Fall of El Fasher and attempts to downplay death toll
Raymond’s testimony also focuses on what he describes as the UK’s “failed efforts to prevent the mass killing” of tens of thousands of people during the RSF’s genocidal massacre in El Fasher. The city fell to the RSF in October 2025 after an 18-month siege, a disaster humanitarian experts consider the worst war crime of Sudan’s civil war, marked by mass atrocities and ethnic cleansing.
After the fall, Raymond privately briefed the international development committee that at least 60,000 civilians had been killed. An FCDO atrocity-prevention official then contacted him to ask if the figure was too high. Raymond responded that his number did not include deaths from famine or the RSF’s bombardment of the city during its siege. “I explained the math. I stated that, in reality, the number of people that the RSF systematically killed after capturing the city could have been higher,” Raymond said. “The FCDO official and I discussed numbers further. I came to believe that this estimate of at least 60,000 people killed by the RSF was a political problem for the FCDO.”

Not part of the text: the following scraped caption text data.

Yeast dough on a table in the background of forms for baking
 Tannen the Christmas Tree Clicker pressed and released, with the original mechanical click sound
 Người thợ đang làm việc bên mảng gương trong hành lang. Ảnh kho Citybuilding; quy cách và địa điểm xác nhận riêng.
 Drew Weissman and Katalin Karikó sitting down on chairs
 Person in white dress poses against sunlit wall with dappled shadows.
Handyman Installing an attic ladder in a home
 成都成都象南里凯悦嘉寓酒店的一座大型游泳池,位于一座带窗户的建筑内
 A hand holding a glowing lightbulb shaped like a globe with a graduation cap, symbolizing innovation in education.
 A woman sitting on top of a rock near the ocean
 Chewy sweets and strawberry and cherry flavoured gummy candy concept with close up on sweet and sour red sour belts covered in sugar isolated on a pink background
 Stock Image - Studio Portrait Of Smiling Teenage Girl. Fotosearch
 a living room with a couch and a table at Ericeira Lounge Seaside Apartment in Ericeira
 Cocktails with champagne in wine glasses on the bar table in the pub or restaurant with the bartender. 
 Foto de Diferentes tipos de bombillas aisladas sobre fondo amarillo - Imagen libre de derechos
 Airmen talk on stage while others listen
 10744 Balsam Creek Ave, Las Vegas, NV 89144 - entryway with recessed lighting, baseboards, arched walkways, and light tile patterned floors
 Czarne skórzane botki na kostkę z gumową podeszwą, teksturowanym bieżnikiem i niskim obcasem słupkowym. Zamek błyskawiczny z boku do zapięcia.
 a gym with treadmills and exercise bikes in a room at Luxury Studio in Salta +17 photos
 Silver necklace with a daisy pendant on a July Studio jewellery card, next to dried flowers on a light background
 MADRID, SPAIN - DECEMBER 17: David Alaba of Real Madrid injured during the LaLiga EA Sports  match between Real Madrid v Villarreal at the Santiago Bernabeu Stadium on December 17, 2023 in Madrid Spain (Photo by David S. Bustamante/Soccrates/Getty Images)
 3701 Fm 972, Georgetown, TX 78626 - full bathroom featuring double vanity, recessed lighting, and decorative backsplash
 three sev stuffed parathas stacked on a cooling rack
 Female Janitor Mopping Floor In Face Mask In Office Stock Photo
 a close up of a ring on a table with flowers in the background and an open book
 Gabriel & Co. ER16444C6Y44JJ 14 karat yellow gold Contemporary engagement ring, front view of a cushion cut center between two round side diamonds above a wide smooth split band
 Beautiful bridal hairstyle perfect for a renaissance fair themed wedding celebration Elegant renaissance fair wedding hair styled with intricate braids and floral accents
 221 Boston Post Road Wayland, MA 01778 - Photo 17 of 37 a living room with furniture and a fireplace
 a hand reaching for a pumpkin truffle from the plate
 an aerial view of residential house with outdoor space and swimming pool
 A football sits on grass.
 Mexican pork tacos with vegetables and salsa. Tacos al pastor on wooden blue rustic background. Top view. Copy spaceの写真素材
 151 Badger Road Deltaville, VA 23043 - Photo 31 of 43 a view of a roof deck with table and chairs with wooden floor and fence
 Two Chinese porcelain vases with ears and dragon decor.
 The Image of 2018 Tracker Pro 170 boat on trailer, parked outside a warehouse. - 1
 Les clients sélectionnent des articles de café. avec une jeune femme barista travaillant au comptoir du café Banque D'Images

Based on the encrypted records between HRL and the FCDO, Raymond will also reveal that on 26 September 2025 – as El Fasher was about to fall – a British UN official “expressed despair about the lack of any possible action by the Starmer government”, with intelligence indicating mass atrocities were inevitable.
UK opted for ‘least ambitious’ atrocity prevention plan
The committee is investigating the UK’s response to atrocity prevention after reports about the FCDO’s handling of the RSF’s seizure of El Fasher. One internal FCDO report, dated October 2025, documented the government’s decision to adopt the “least ambitious” of four proposed atrocity prevention plans for Sudan, citing “resource constraints”. That decision was made halfway through the 18-month siege of El Fasher, despite warnings of impending genocide.
Raymond will tell MPs that the UK’s position as “penholder”, or lead country, on Sudan at the UN Security Council made its role vital. “The UK was our best hope at that time for stopping what we believed would become one of the single largest mass-casualty events of the 21st century,” he will say.
Ethiopia’s role and denials
Ethiopia’s involvement in Sudan’s civil war did not become public until early this year. In February 2026, Reuters reported that Addis Ababa was hosting a secret training camp for RSF fighters, backed by Ethiopia’s close ally, the UAE. Ethiopia has rebutted those reports, as has the UAE, which has consistently denied accusations that it funds and arms the RSF.
Additional concerns have been raised about UK-manufactured military equipment found in Sudan, used by the RSF, and the UK government’s approval of further arms exports to the UAE despite accusations that the Emirates supplies weapons to the paramilitary group. A whistleblower previously alleged that warnings of possible “genocide” in Sudan were removed from a UK risk assessment by FCDO officials, potentially to protect the UAE.
Raymond’s revelations come as the committee examines whether the UK government’s relationship with the UAE took precedence over preventing mass atrocities in Darfur. The FCDO has been contacted for comment.